— Он всегда так: день хандрит, день на седьмом небе. Не люблю, когда у него хандра. Но что поделаешь? У каждого свои недостатки. А он, надо прямо сказать, муж хороший. Не то, что Биссон. Тот бьет натурщиц спортивной дубинкой, просто так, чтобы поразмяться.

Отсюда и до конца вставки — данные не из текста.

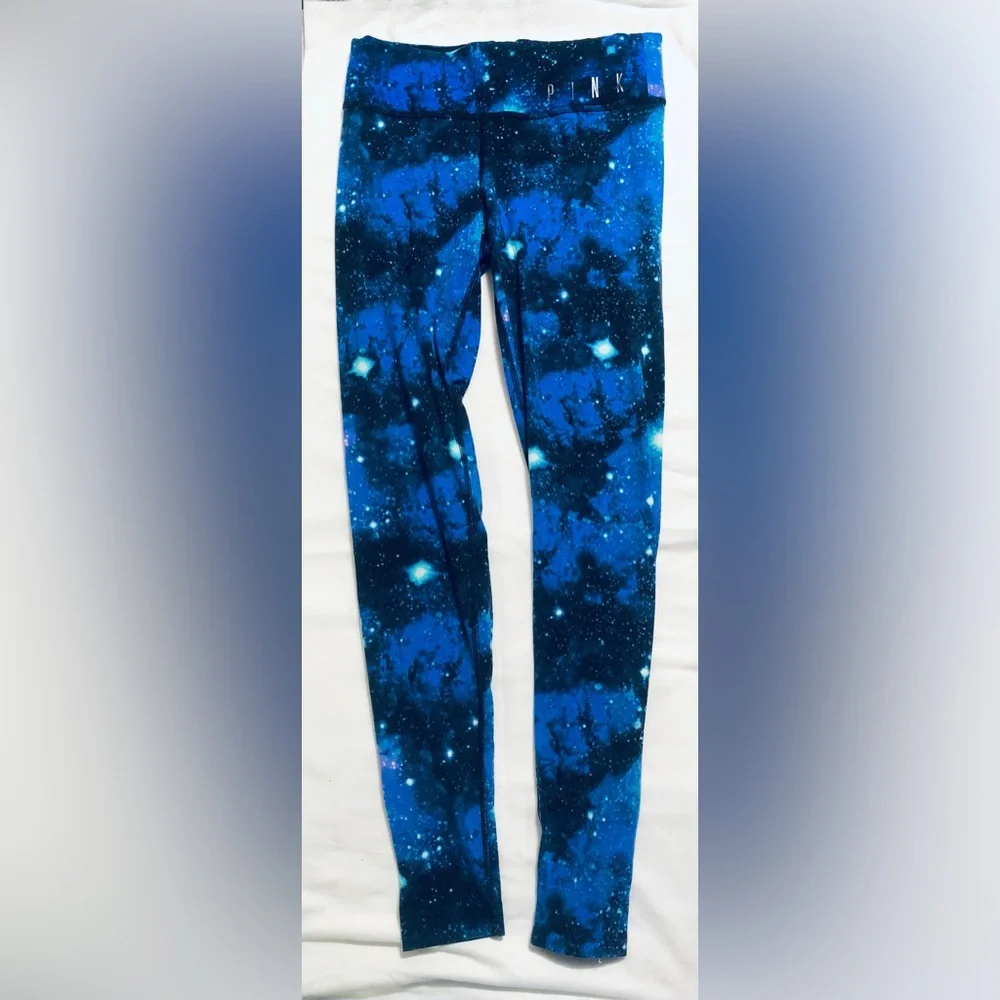 Pink Yoga Small Leggings Galaxy Print Blue Victoria’s Secret Active RARE - Picture 3 of 4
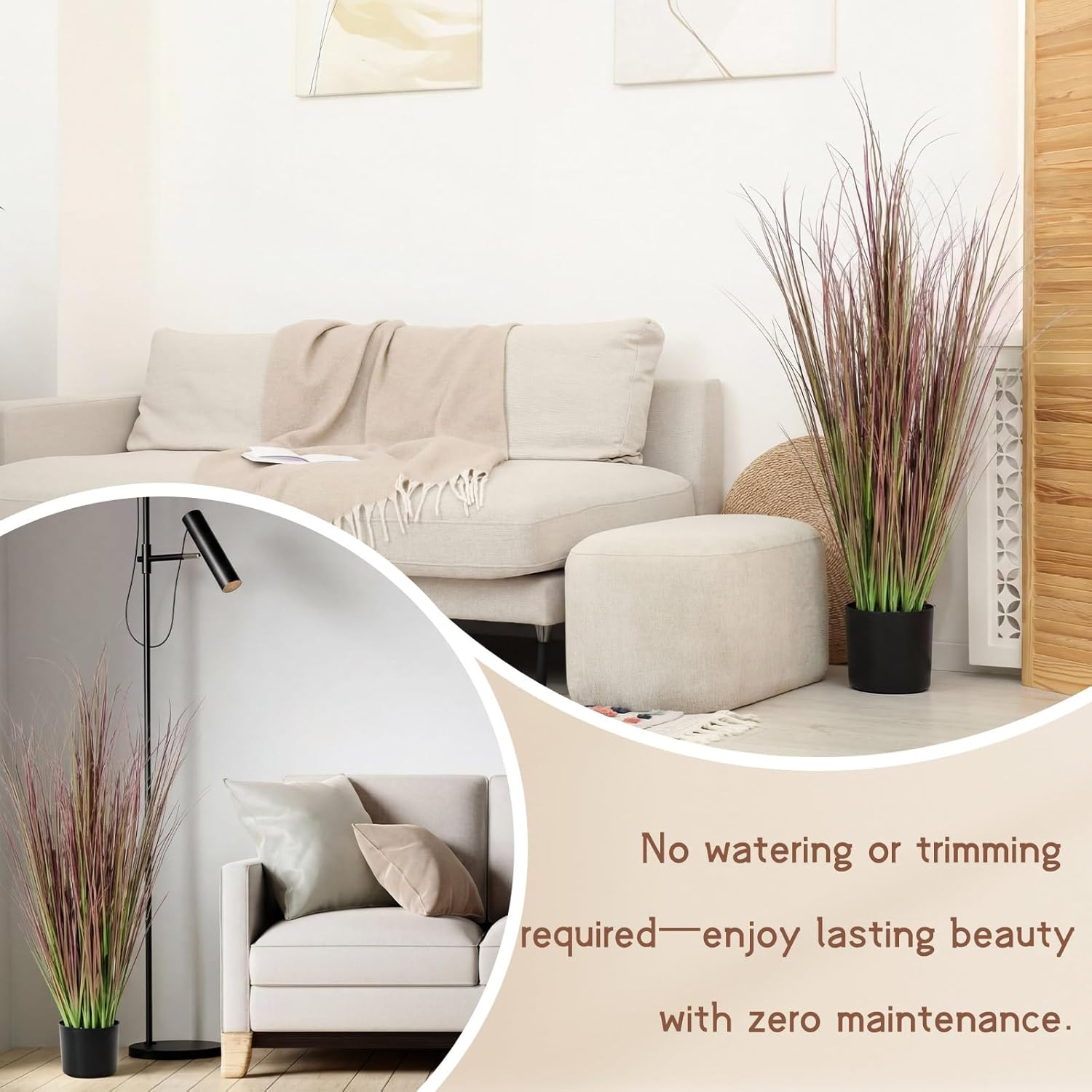 Tall Artificial Pampas Grass in Pot – 2 Pieces for Indoor/Outdoor Decor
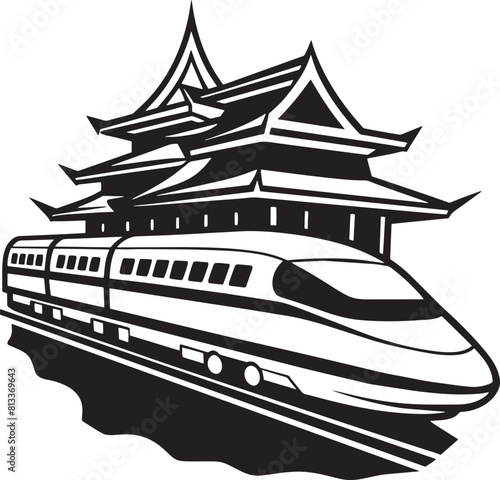 japanes bullet train icon clipart silhouette isolated on white background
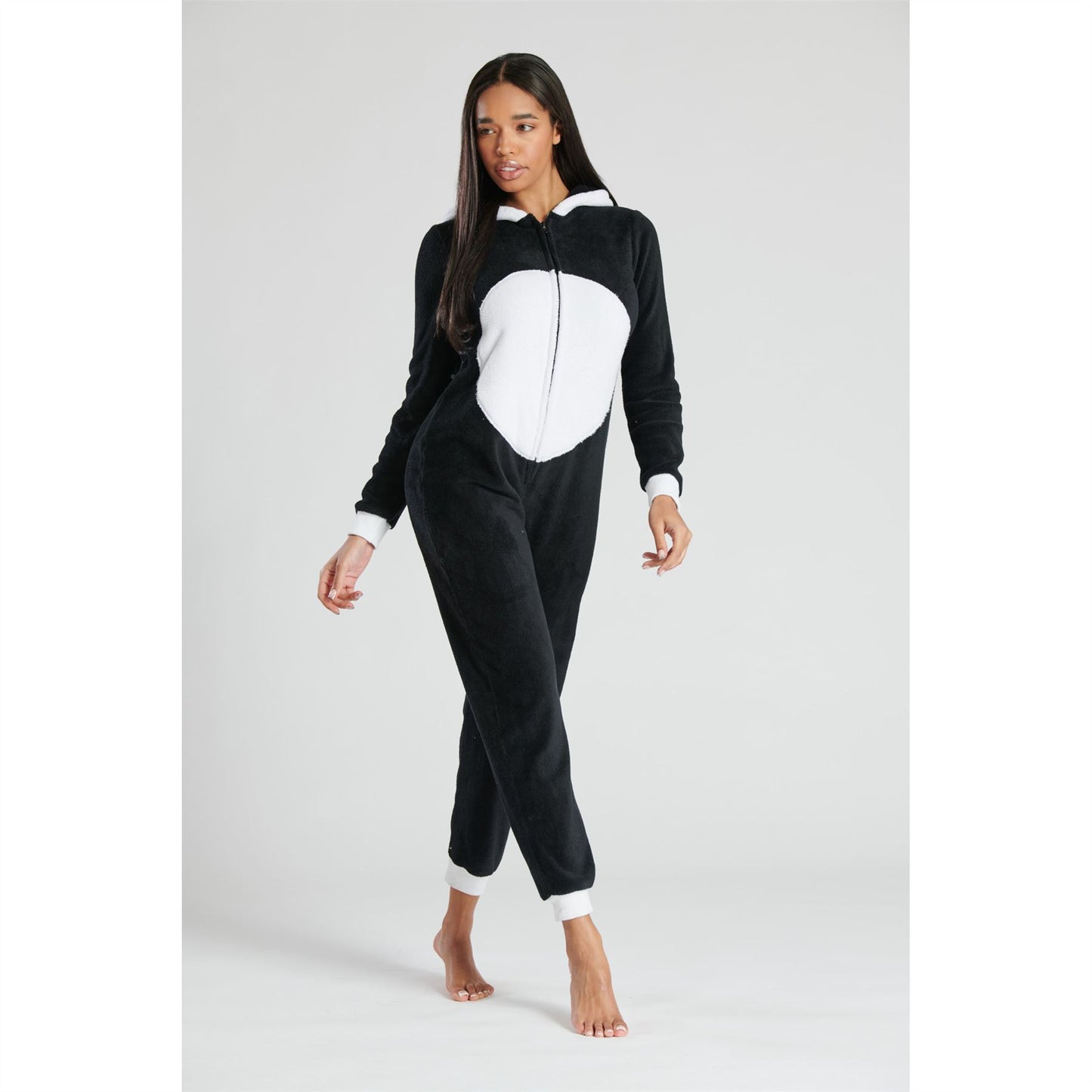 Loungeable Womens Panda Fleece Onesie - Black/White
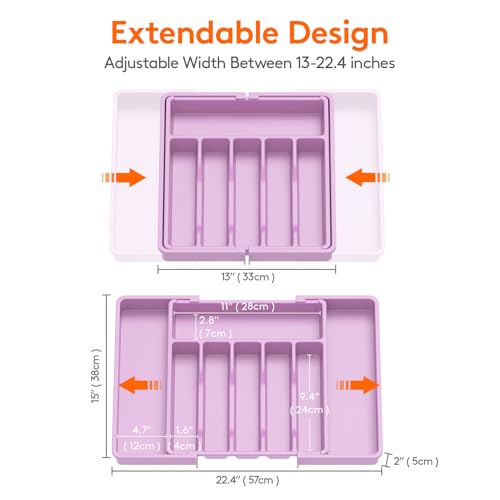 Lifewit Silverware Drawer Organizer, Expandable Utensil Tray for Kitchen, BPA Free Flatware and Cutlery Holder, Adjustable Plastic Storage for Spoons Forks Knives, 13-22 x 15", Purple - color: Purple, size: XL (13-22''W x 15''D)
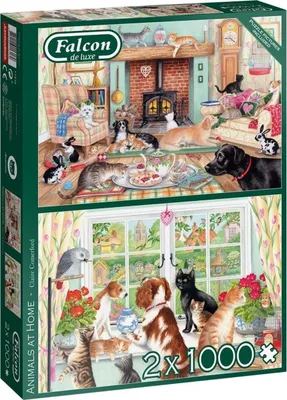 Produktbild von Falcon de Luxe Tiere zu Hause 2-Pack-Puzzle-Puzzle - 1000 Stück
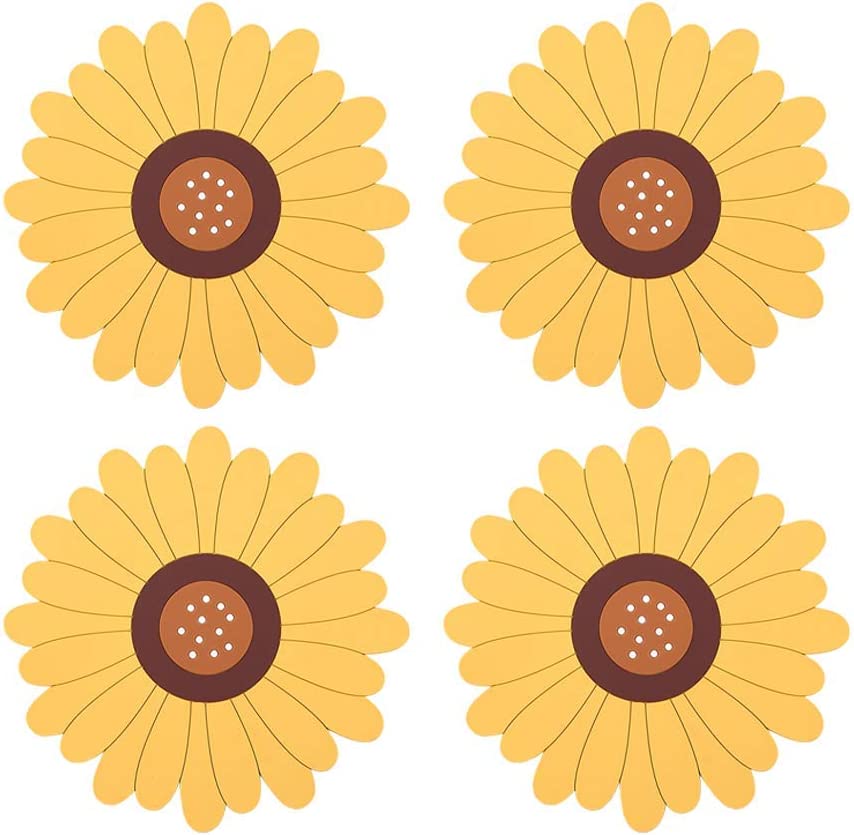 Photo 1 of Gracelife Sunflower Silicone Trivet Mat for Hot Pots Cup Mat Coasters Multi-Use Non-Slip Heat Resistant Home Kitchen Decor Mats (3-Pack Coasters Yellow)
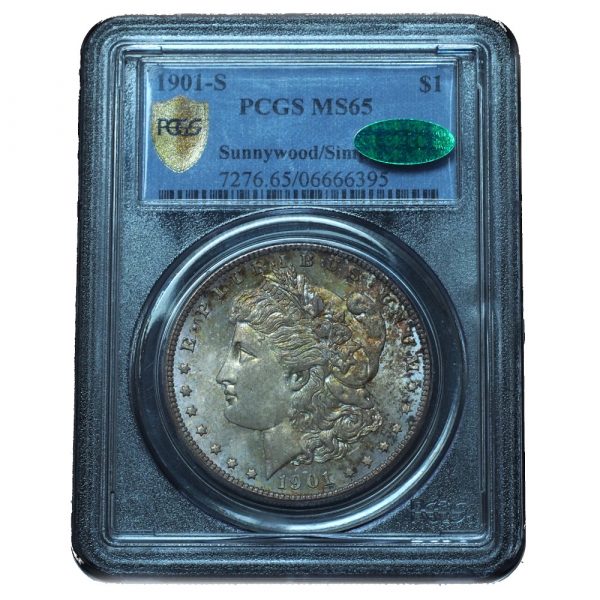 1901-S Morgan Dollar MS65 PCGS + CAC Unique Toning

— Мне казалось, эта группа ему удается.
— Удается? — сказала Лоли. — Нет. Прежняя была лучше. Впрочем, все его скульптуры никуда не годятся. Ни в одной меня узнать нельзя — бесформенная куча. Только, пожалуйста, ему не проговоритесь. Сам он не увидит, а работа его успокаивает. Ах, бедняга, — сказала она жалостливо. — Горе одно, а не скульптор. Вряд ли хуже есть на свете. Но, по-моему, он счастлив. Как вам кажется? Насколько может быть счастлив человек с таким хилым здоровьем и при таком беспорядочном образе жизни.
— Думаю, что счастлив, — сказал я, — Иногда. Только, пожалуй, сам того не замечает.
— Ему нравится быть скульптором, — сказала Лоли. — Наверняка нравится. И я ему тоже нравлюсь. Особенно со спины. Нет, конечно же, он счастлив.
— Насколько может быть счастлив человек, — сказал я.
— Счастлив, — сказала Лоли неуверенно. — Во всяком случае, когда у него подъем. Уж я-то знаю, как с ним быть, когда в руках у него новый камень и нет бессонницы.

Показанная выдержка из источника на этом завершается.